This week’s Modern Love discusses a situation that feels familiar to this site–woman meets man, man pursues woman, woman falls for man, woman discovers man isn’t single. Charming, isn’t it?

In “Exit Left, Wordlessly,” Aimee Lee Ball talks about meeting a married man who claimed to be divorced. When she discovers this fact, she confronts and dumps the guy. End of story–or so you’d think.

Fast forward eight years and this man gets in touch with her again, begging to see  her to make amends. And going against her better judgment, she does. They even begin dating once again. Until he slips out of her life without a word.

How could someone play-act with the honor and politesse of the 19th century but be such a cad in real life? Hardly anyone gets through life without hearing, “I’ve met somebody else” or “This isn’t going the way I’d hoped.” Couples come to the end of a road with each other for valid reasons or for no reason, but they find a way to say so.

As she ponders how or why  this could’ve happened and contemplated the red flags, she comes to an interesting conclusion about the cowardly way her boyfriend chose to end things.

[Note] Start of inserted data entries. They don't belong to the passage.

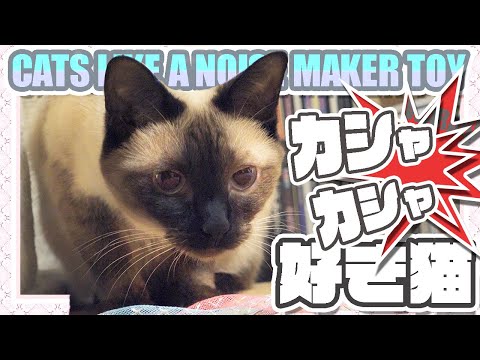 カシャカシャ好き猫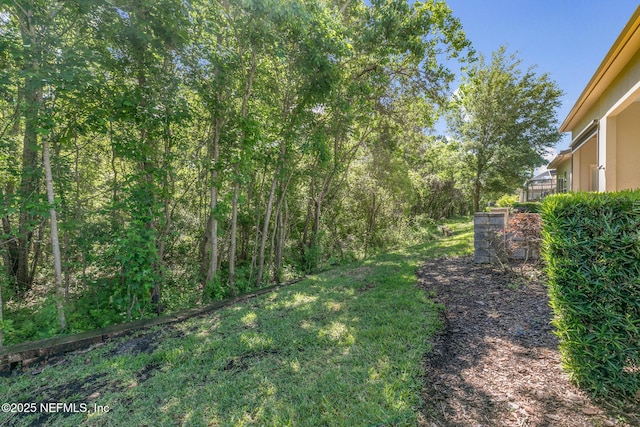 3157 Parador Way, Jacksonville, FL 32246 - photo 41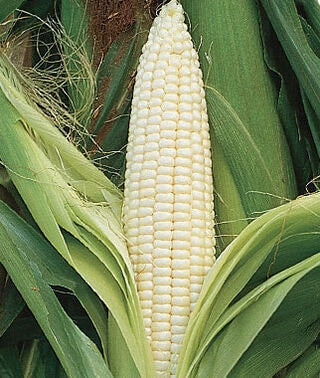 Heirloom Organic Silver Queen Sweet Corn seeds package, GrowTime Garden Supply
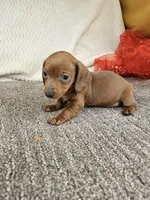 Jello , a female Miniature Dachshund for sale in Raleigh, NC – Photo 1 of 6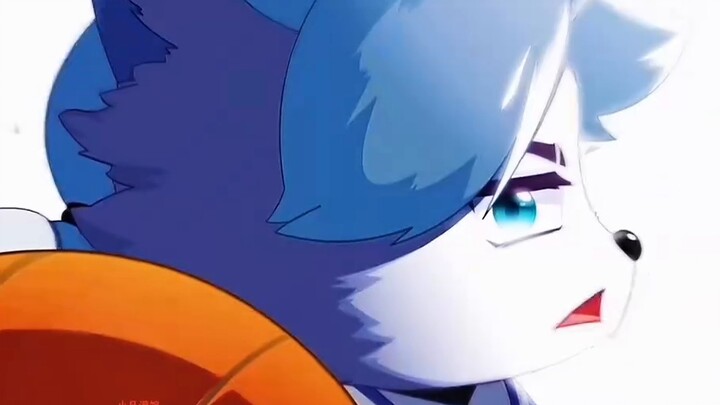 The Wolf Team won consecutive championships with its strong individual strength and established a dy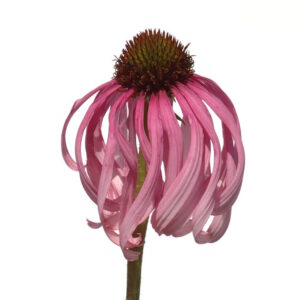 Echinacea simulata - Schein-Sonnenhut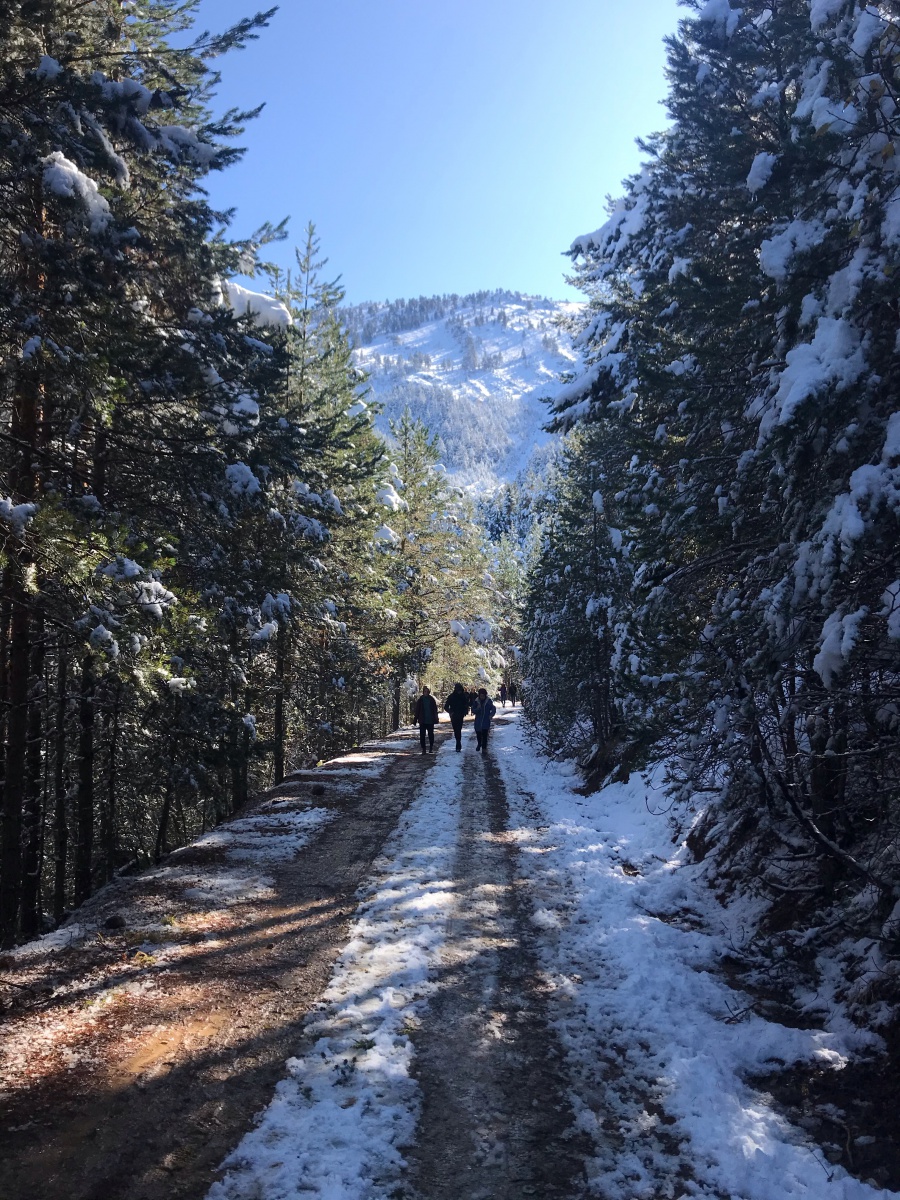 Gümüşhaneli dağcılar Zigana’da sonbahar ve kışı bir arada yaşadı 16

This man’s way of ending things, I realized, was as clear as an X-ray, not of bones but of character, and surgically clean of the platitudes, excuses and lies that often accompany a breakup. The epiphany was one I resisted because it was so convenient to censure him. But in revealing himself that way, the cad actually did me a favor.

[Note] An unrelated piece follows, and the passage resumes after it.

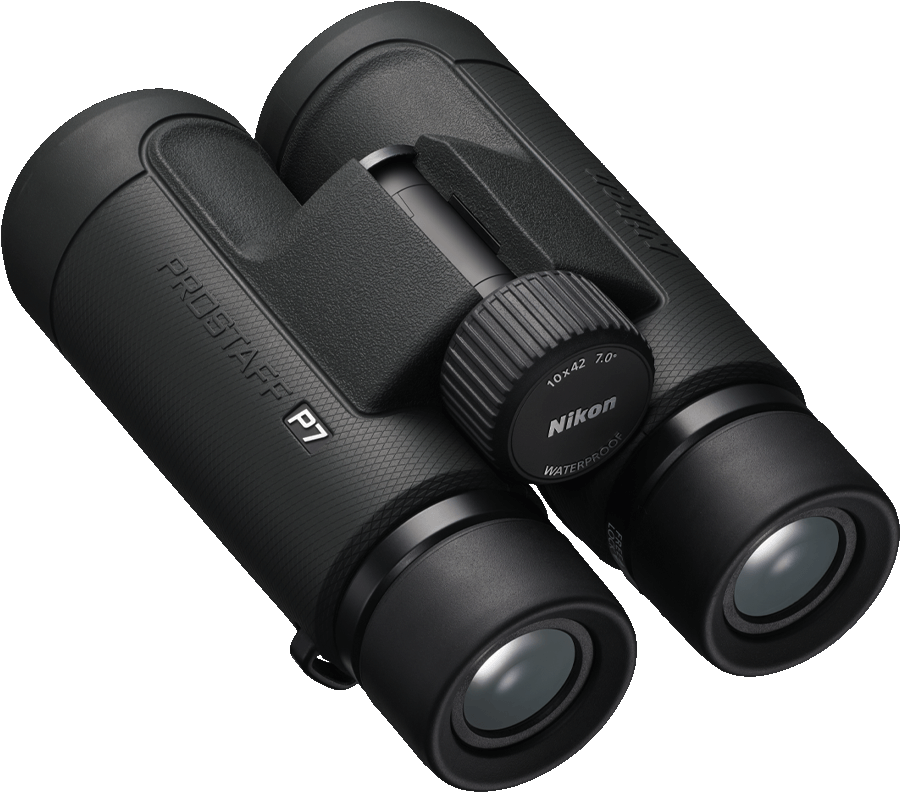 Jumelles Nikon Prostaff P7 noires, en angle, montrant la molette de mise au point et les lentilles.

This begs the question–if the outcome is the same, is it better to disappear without explanation? If having “the break-up talk” entails lies and platitudes, is it better to just slip away?

Personally, I need closure but I can see how the coward’s way could also be the most honest, least ambiguous way to go about it. If he never calls again then you can’t possibly rehash what he’s said with your friend, wondering what he meant.

Of course, if he never called again then the purpose of this blog (and many others like it) would be moot.